Before the exposed Blessed Sacrament, people formed two lines down the center aisle standing shoulder to shoulder as Father Suarez walked up and down laying his hands on each person while praying, as he did for the first healing he experienced years ago, an Our Father, Hail Mary and the Glory Be.

Not long after he began, Sophia shared that her back pain “was much better,” Marie could see Father Shannon’s face and others like Wayne, who suffered from a sciatic nerve problem, were in no pain, “Praise the Lord!”

Ruffina, a slender Asian woman from St. Patrick’s Church in Norcross, recalled standing in line not planning on saying anything but praying as Father Suarez was praying, an Our Father, Hail Mary and Glory Be.

“He asked me what I wanted. I didn’t know what to say but answered that I wanted healing physically, spiritually, emotionally and mentally. Then he asked me how my neck was. I felt OK.”

The young woman had experienced neck pain resulting from a car accident, but the pain was gone. She had told the crowd, “It’s not me; it’s all (Jesus).”

Father Suarez was not alone in his marathon of healing. Trying to keep pace with him were yellow-shirted ushers who served as “catchers” behind those who rested in the Holy Spirit.

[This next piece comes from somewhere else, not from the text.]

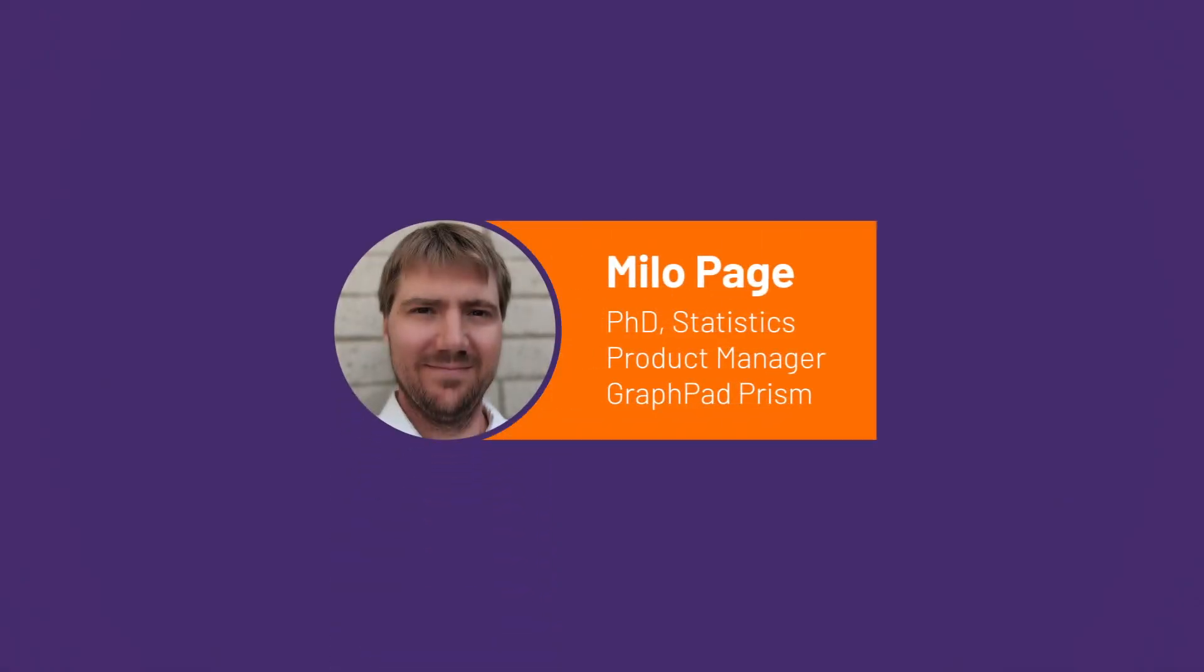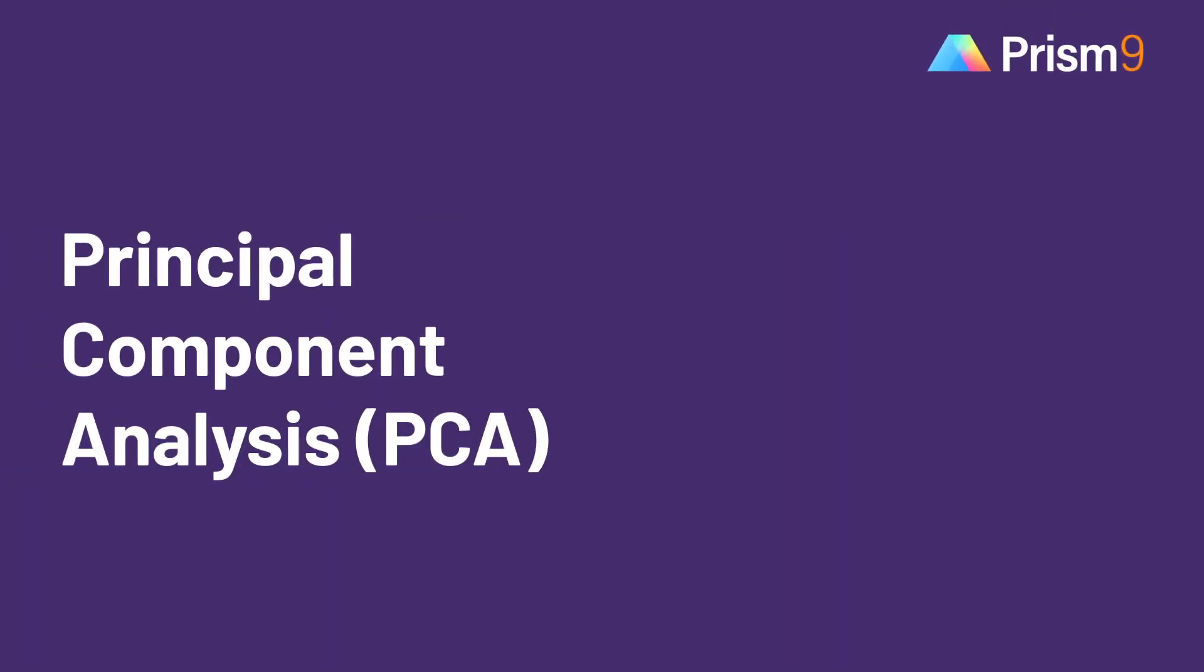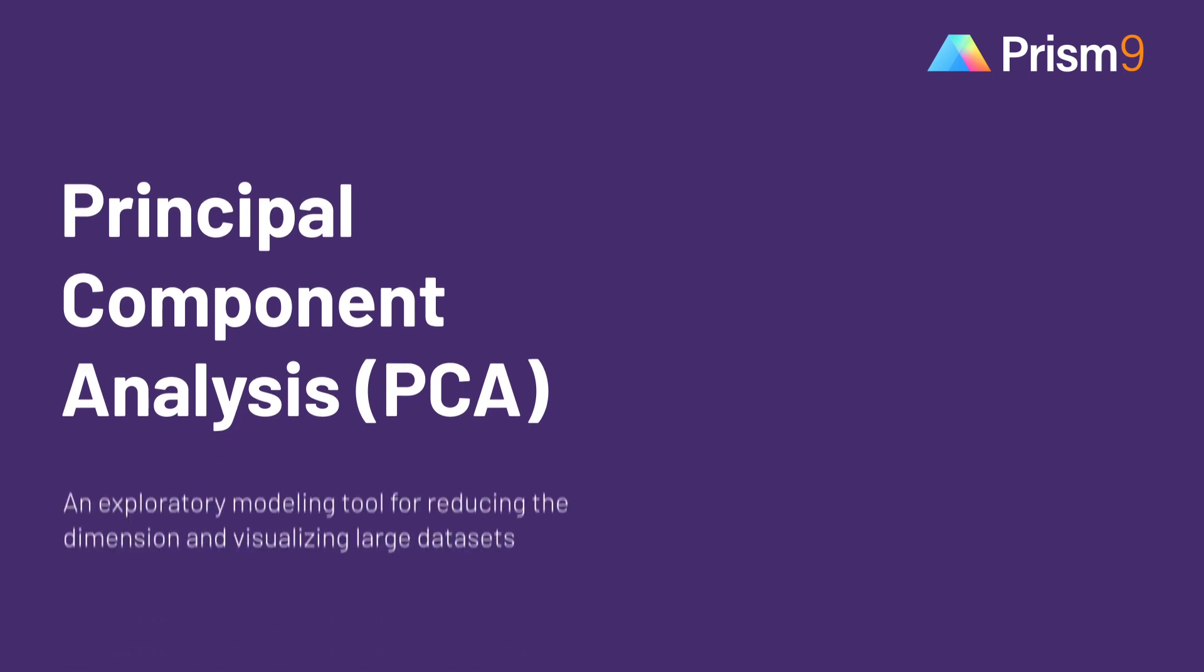This is Milo Page from GraphPad. In this video, I will be introducing Principal Components Analysis, or PCA, which is new in PRISM 9.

Joe Krygiel, coordinator of the ushers for the congress and director of Catholic Charities for the Atlanta Archdiocese, attested to the physicality of being a catcher and estimated that he walked about four miles during the healing service alone. He and the other ushers spent about two hours also gently placing many of those resting in the Spirit on the floor.

“Doing the healing Mass is special to me because it shows that the Catholic Church offers hope and healing to the people who come to us,” Krygiel said.

“People who attended the healing Mass have found Jesus, through the Eucharist, healing them, hopefully physically if not spiritually. For me walking during the healing process back and forth as Father laid hands edified my faith in the mercy and generosity of God. It showed the faith people have to reach out and trust like that.”

Thirteen-year-old Taylor Conigland from St. Anthony’s Church in Atlanta wasn’t praying for anything in particular, she said, when she experienced resting in the Holy Spirit. “At first I was scared. I didn’t know what happened.”

She was helped to her feet by her mother, Rosarita Burden-Conigland, and her father, Keenan S. Conigland, who is Baptist and also shares his faith tradition with his daughter. “We just love Jesus; that’s it,” Rosarita said of their approach to sharing their faith with Taylor.

A few people mingled shortly after the event ended at 10:30 p.m. While not Catholic, Judy Hildebrand of Dallas attended the event with her friend Nancy. She has been fighting cancer in many parts of her body for 10 years, including battling Stage 4 breast cancer.

“I was really asking for healing, and I feel better already,” she said, adding that she faced surgery on her leg the following week.

“God has been good to me already. I’ve experienced spiritual healing—that’s the highest healing, I feel. Because of that healing I have a better ability to cope with what comes my way. I know his hand is on me.”

Clark, of St. Peter the Rock Church, can now give witness to her experience at the Mass and healing service, which she hopes to attend next year.

“It does something to the inside; I can’t explain it. … It was just awesome. It was everything I thought it might be.”